The unprecedented release of ministerial mandate letters will be followed by the first release of progress reports this summer.
And with a cabinet shuffle allegedly on the horizon, delivering or faltering on those marching orders could set in motion ministerial promotions or demotions.
This explains the mad dash to unveil security legislation, foreign policy and the defense strategy this month as ministers scrambled to fill in the blanks on their mandate mid-terms.
But, because the overall results won’t be out until late July at the earliest, here are a sample of the best and worst performances, in my opinion.

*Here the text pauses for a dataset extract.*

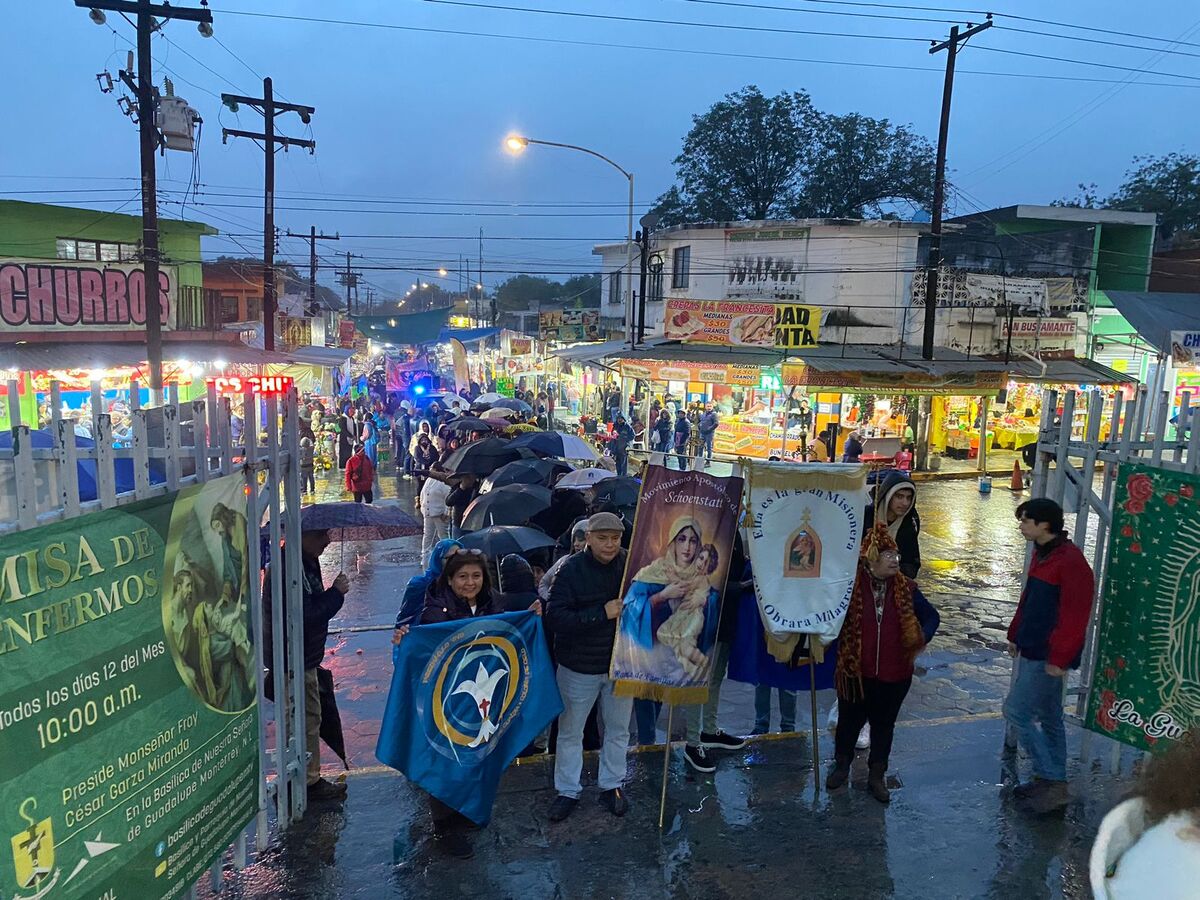 Visitan la Basílica de Guadalupe. Foto: Frida Rodríguez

Public Safety Minister Ralph Goodale has, at times, felt undervalued by the PMO, but when his experience is tested by tragedy or terrorism, he delivers a calm, competent response. The gulping goldfish opposition reaction to his new national security bill testifies he got in right in this key bill. Grade: A
Foreign Affairs Minister Chrystia Freeland is a close second at the top of the class. Despite her irritating tendency to boast of everything as her personal accomplishment, she has done well on trade talks and delivered a maestro performance in conducting the Trump administration with just the right amount of pushback in tone. Grade: A-
Finance Minister Bill Morneau is struggling. His deficit-bloated budget was so blasé, it triggered instant voter amnesia about the contents. His ability to communicate a coherent fiscal future is marginal and there’s been a run on the credibility of his signature infrastructure bank. Grade: C
House Leader Bardish Chagger is air traffic controller in the Commons with plenty of crash landings on her watch. The plodding pace of legislative progress, the animosity she’s incurred from her opposition counterparts and her blunder in handling Senate amendments on the budget bill proves this is no job for parliamentary beginners. The PMO should save her with a shuffle before September. Grade: D-
National Defence Minister Harjit Sajjan got a late save from low grades for unveiling a defence policy which targets most of the military’s chronic shortfalls. But the source of the money is still a mystery, which puts a question mark beside the architect of this armed forces revival. Grade: C+
And, finally, there’s the guy who won’t get a mandate letter progress report until voters give him a pass or fail in 2019.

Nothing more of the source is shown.